Although the game wasn’t marketed on that exact line, critics said it was one of the best games of the year as it combined GTA’s driving and Max Payne’s story. There were stop lights, rules of the road, and slower cars. There were believable characters, varying settings, and interesting missions. It was as realistic of an experience as a developer could create at the time aside from the shenanigans of Free Ride Extreme.

Players were invested because we saw the beginning, middle, and end of Tommy Angelo’s tale of murder, criminality, and redemption. We got to know him and we learned that he simply wasn’t a cold-blooded killer. He was a complex figure who was both kind and naive, but also loyal and fierce when he needed to be.

Tommy was aided in telling his story this by the realistic cast of characters. Paulie and Sam were his foils and represented the spectrum of the mafia. Paulie put himself first trying to get himself ahead in life. Sam was loyal to the don and always put the mafia first even before his friends.

There were explosions, yes, and gun fights, but they weren’t easy. I remember more times of flipping my open-top car over only to be killed during a chase or being hit by stray bullet to the head than getting killed in a fiery explosion. It felt realistic although it looked far from it.

The point being: realistic gameplay usually means you’ll get a realistic plot because the world is grounded in reality.

Now Mafia II did its best to emulate games like Grand Theft Auto and Saints Row by taking away all of the realism and strong writing that made the original game so powerful.

Vito Scaletta is an utterly unlikeable protagonist, the customization options were meaningless, the game’s violence was over-the-top, the script set a world record for its use of the word “Fuck”, and the PlayBoy pin ups in the game were a cheap grab.

They even had to throw out a tonne of awesome features that could have saved the game like a Free Ride mode due to some development tribulations.

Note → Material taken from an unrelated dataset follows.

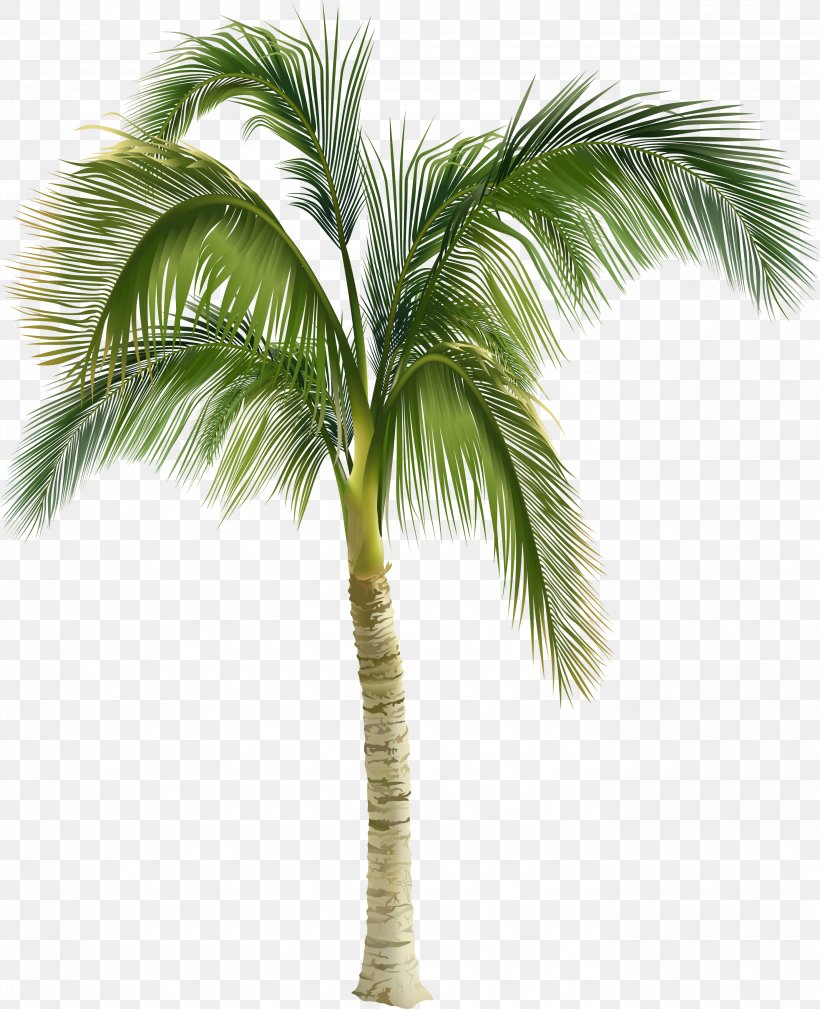 Royalty-free Arecaceae Stock Photography Tree Clip Art, PNG ...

So on the one hand we have a game that’s complete unique and a sequel that’s does its best to emulate the more successful series around it. What do you think this new game is going for?

***

Mafia III looks like its taking dive off the deep end of realism with its gameplay, and I have a sneaking suspicious that this mentality will leak into its story.

Lincoln Clay will blast his way through the story taking down one base after another with a grenade launcher in one hand and some shitty Playboys in the other just like Vito Scaletta did five years ago minus the grenade launcher.

The game is taking place at one of the Civil Rights Movement’s pivotal moments in 1968! If this is really a game about examining the racial tensions at the time have Clay participate in a sit-in not act like a psycho on a warpath. During the gameplay demo shown at Gamescom there is a scene where Clay can stop a police officer from searching a young black man, which is an interesting touch, but then it launches into generic cover shooting.

Give me a realistic world where Clay’s abilities aren’t bound by skill points but by the colour of his skin, give me a game where just living a normal life is tough because of the Jim Crow laws, give me a game where his status as a veteran isn’t simply a detail about his character but a defining characteristic, give me a game that feels real and then we’ll have a true Mafia game.